* **Information shown**
=== Begin Enclosure ===
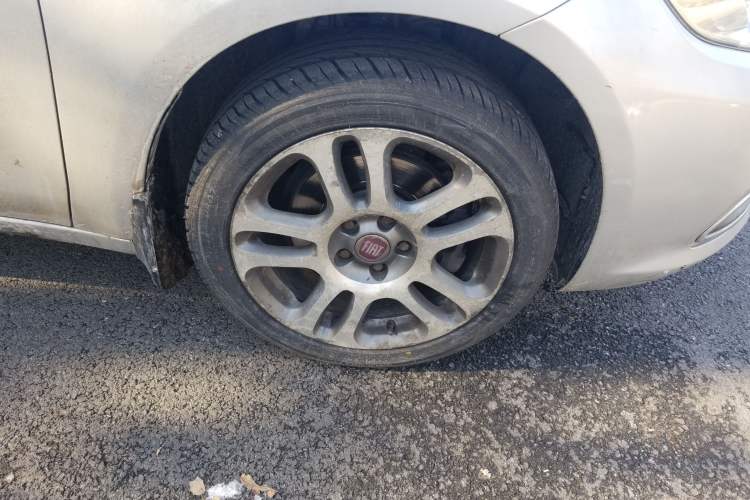 Used Fiat Viaggio 2012 1.4T Automatic Luxury Edition Right Front Wheel Hub
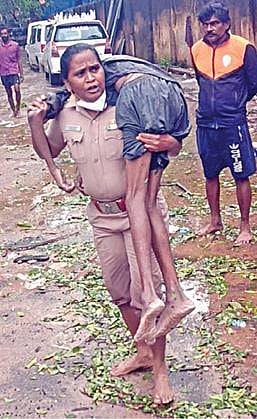 கீழ்ப்பாக்கம் கல்லறைத் தோட்டத்தில் மயங்கிக் கிடந்த இளைஞரை தோளில் சுமந்துசென்ற ஆய்வாளர்: காவல் துறை அதிகாரிகள், பொதுமக்கள் பாராட்டு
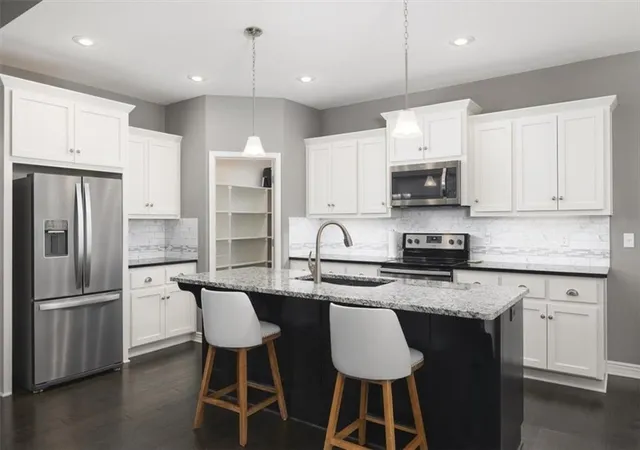 Photo 4 of Single family home for sale at 105 SE Griffin St, Blue Springs, MO 64064 | MLS# 2630404 | Listing updated on 2026-09-16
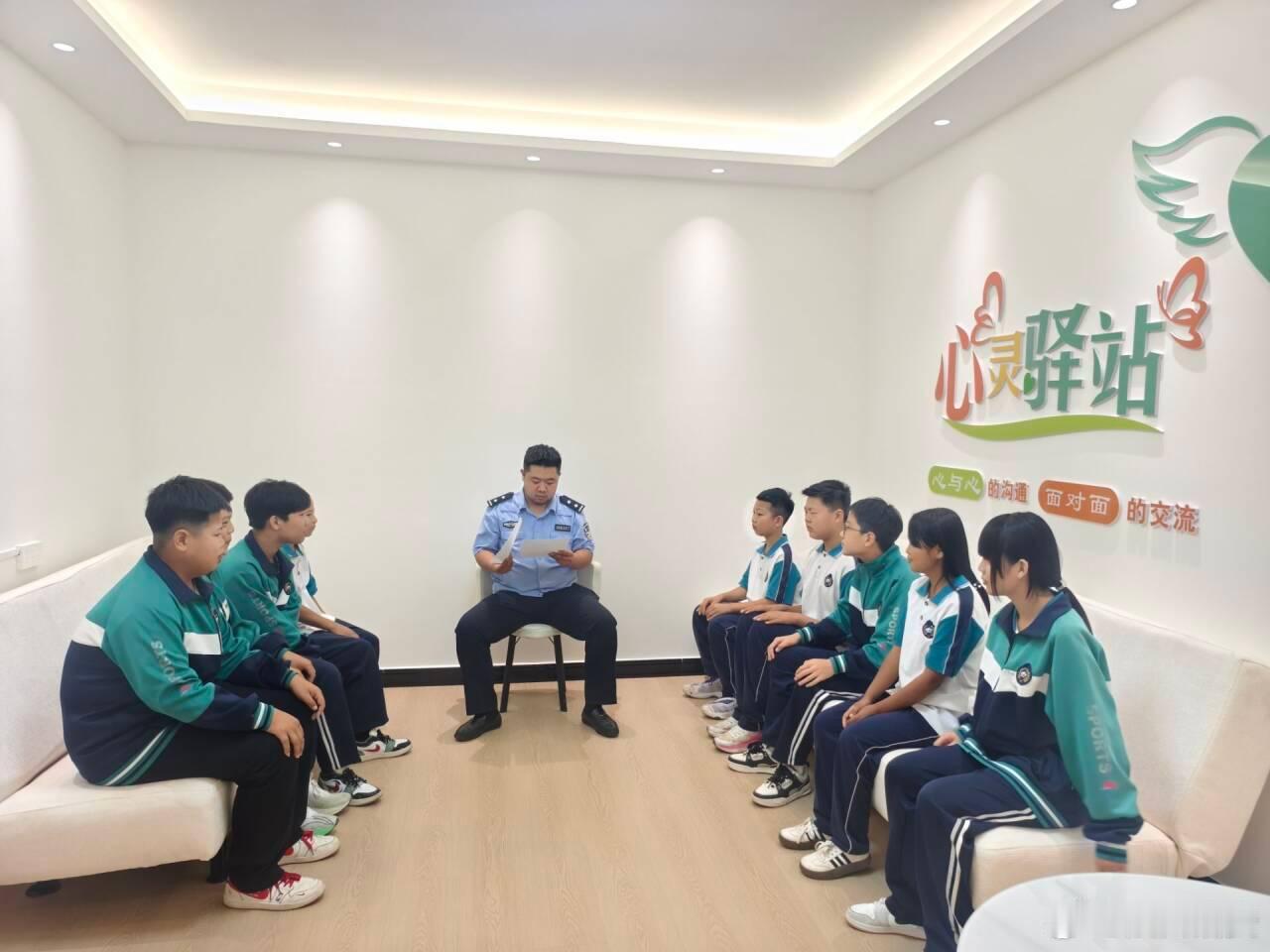 #陕西治安#【 警心护幼苗 谈话暖校园】近日，依托开学季，渭南合阳金水派出所依托护校安园机制，组织校园帮扶民警开展谈心谈话活动。民警贴近学生实际，耐心沟通交流，排查思想情绪方面潜在风险，宣讲抵制校园欺凌相关知识。坚持谈出实情、摸清底数，加强与校方协同配合，精准落实帮扶举措，全力守护辖 ​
=== End Enclosure ===
* **Task statement**
Retype word for word all the material given above, and keep the pictures out.

* **Output**
 Used Fiat Viaggio 2012 1.4T Automatic Luxury Edition Right Front Wheel Hub
 கீழ்ப்பாக்கம் கல்லறைத் தோட்டத்தில் மயங்கிக் கிடந்த இளைஞரை தோளில் சுமந்துசென்ற ஆய்வாளர்: காவல் துறை அதிகாரிகள், பொதுமக்கள் பாராட்டு
 Photo 4 of Single family home for sale at 105 SE Griffin St, Blue Springs, MO 64064 | MLS# 2630404 | Listing updated on 2026-09-16
 #陕西治安#【 警心护幼苗 谈话暖校园】近日，依托开学季，渭南合阳金水派出所依托护校安园机制，组织校园帮扶民警开展谈心谈话活动。民警贴近学生实际，耐心沟通交流，排查思想情绪方面潜在风险，宣讲抵制校园欺凌相关知识。坚持谈出实情、摸清底数，加强与校方协同配合，精准落实帮扶举措，全力守护辖 ​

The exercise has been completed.